中小零細企業の社長は、社員は家族同然と考え、社員の将来を想いやり給与や福利厚生の改善に力を注ぎます。しかし、権利意識が強くなっている近年、誠意が全く伝わらないと嘆くケースが多く見られます。
社員50名の土木業の社長からの相談事例です。
社長は数年前、現場作業員の労働・生活環境の改善に着手しました。正社員化に伴い、社会保険や退職金制度を導入、給与額が毎月変動する日給月給制を廃止し完全月給制へと引き上げ、同時に土日の完全週休2日制へ移行しました。

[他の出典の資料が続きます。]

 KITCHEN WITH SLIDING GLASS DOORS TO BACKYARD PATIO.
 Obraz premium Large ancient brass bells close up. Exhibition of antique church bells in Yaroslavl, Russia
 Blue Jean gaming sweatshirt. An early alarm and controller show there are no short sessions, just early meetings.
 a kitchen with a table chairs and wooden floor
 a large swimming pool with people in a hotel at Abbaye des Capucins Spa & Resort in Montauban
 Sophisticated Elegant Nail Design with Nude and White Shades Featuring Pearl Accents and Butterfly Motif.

更に、社員が抱える住宅ローンの金利が下がるように借り換えや必要以上に支払っている生命保険の見直しまで段取りをつけました。一方で、工期を守るために、雨天により現場作業が中止となった場合には、休日に振り替え出勤することを決めるなどし、就業規則も改定しました。
ところが最近、現場作業社員A夫は、こうした恵まれた環境に慣れ切ってしまい、雨天の振替出勤を拒むようになり、工期が遅れはじめました。業界内では作業員が不足し、転職が容易なことを背景に、A夫は強気な姿勢を見せており、社長はどのように対処すべきかと困った様子でした。

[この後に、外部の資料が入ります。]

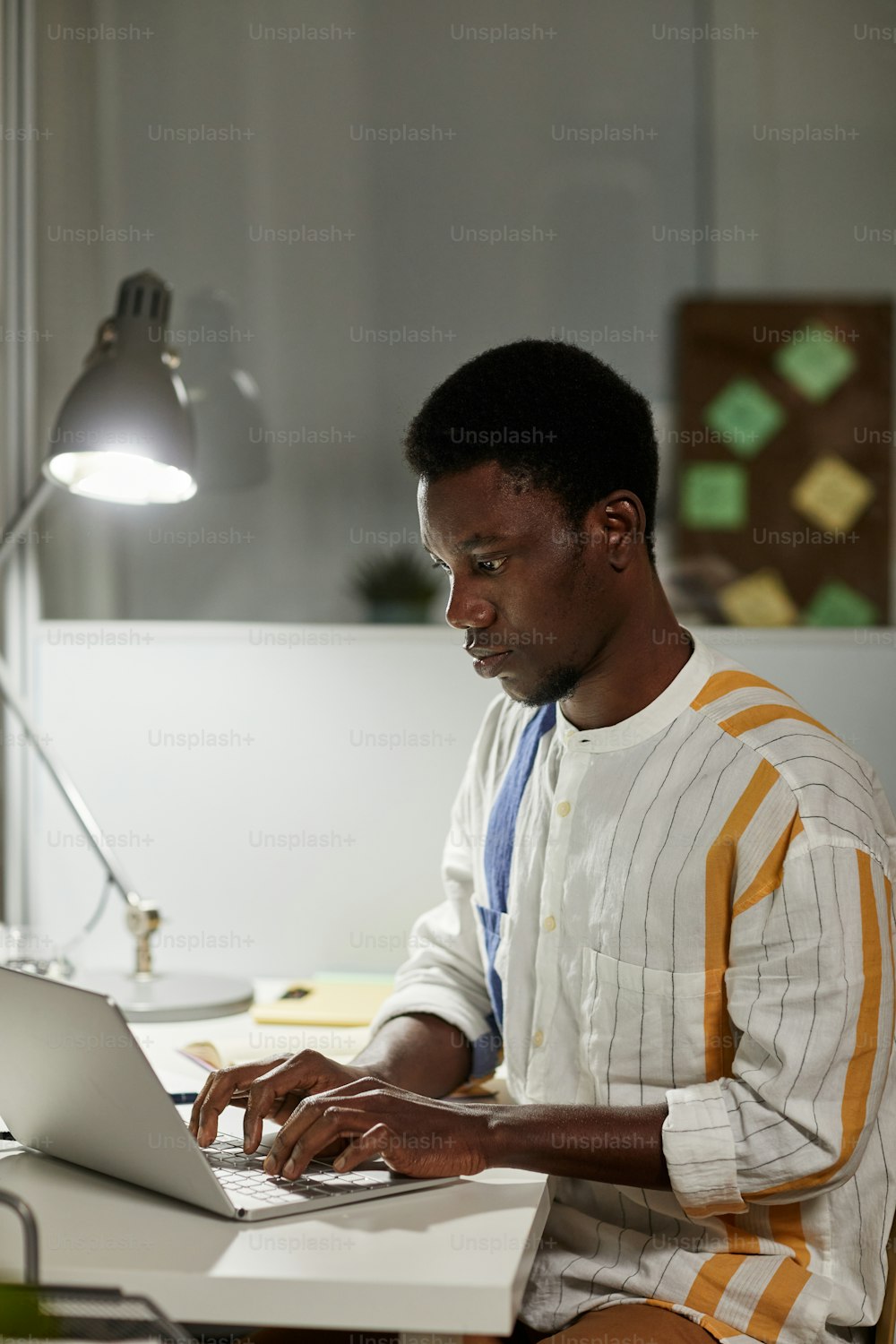 Vertical side view portrait of young African American man studying or working late at night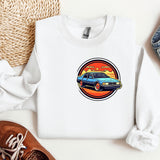 a white sweatshirt with a blue car on it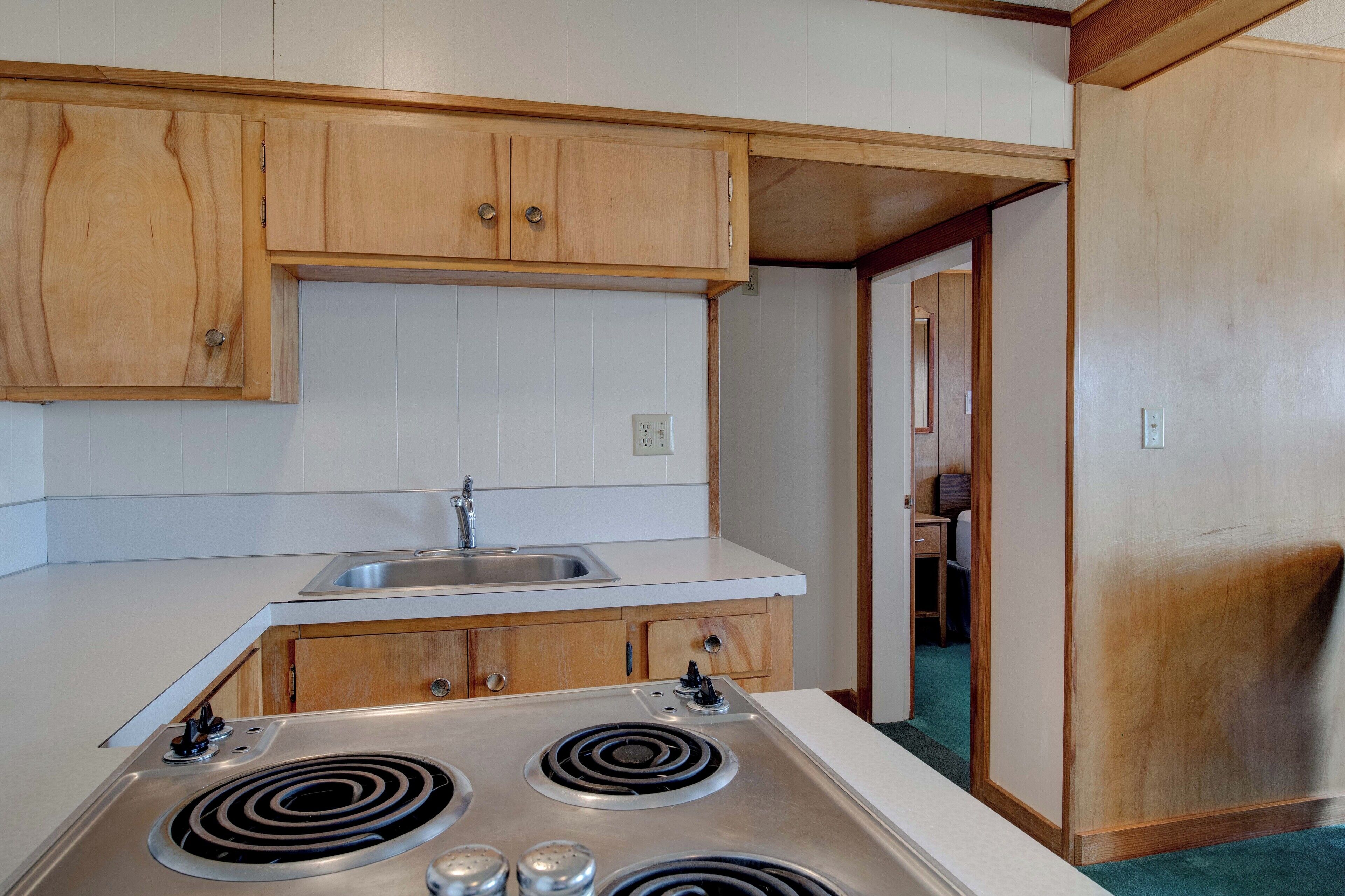 A compact kitchen with wooden cabinets, a stainless steel sink, and a built-in stovetop.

就業規則上、休日に振替出勤させることは問題ありませんが、法律論を盾に強引に出勤させても、人手不足のさなかに退職されては元も子もありません。
そこで、正社員として働くことの権利と義務、完全月給制や完全週休2日制に移行した当時の経緯、同業他社と比較しての高給や労働時間が短く有給休暇が取り易いこと、他の中小零細企業では希な好待遇であること、を何度も丁寧に説明したところ一旦は納得しました。

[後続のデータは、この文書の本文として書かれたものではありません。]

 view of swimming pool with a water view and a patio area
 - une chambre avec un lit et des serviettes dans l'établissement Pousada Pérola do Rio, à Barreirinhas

ただ、その後も同僚に不満を漏らしているようで、いつまた無茶を言い出すか気が気ではありません。
一般的に社員が定着しにくい中小零細企業では、問題を起こす社員に対し、就業規則などの各種法律論を前面に出して行動を改めてもらおうとしても、うまくいくとは限りません。経営者の社員への想いは理解されにくいものだと認識することが大切です。
社員への想いを繰り返し言葉と態度で発信し、いつか社員に自分の誠意が伝わると信じ続けることに意味があります。「人事を尽くして天命を待つ」の姿勢です。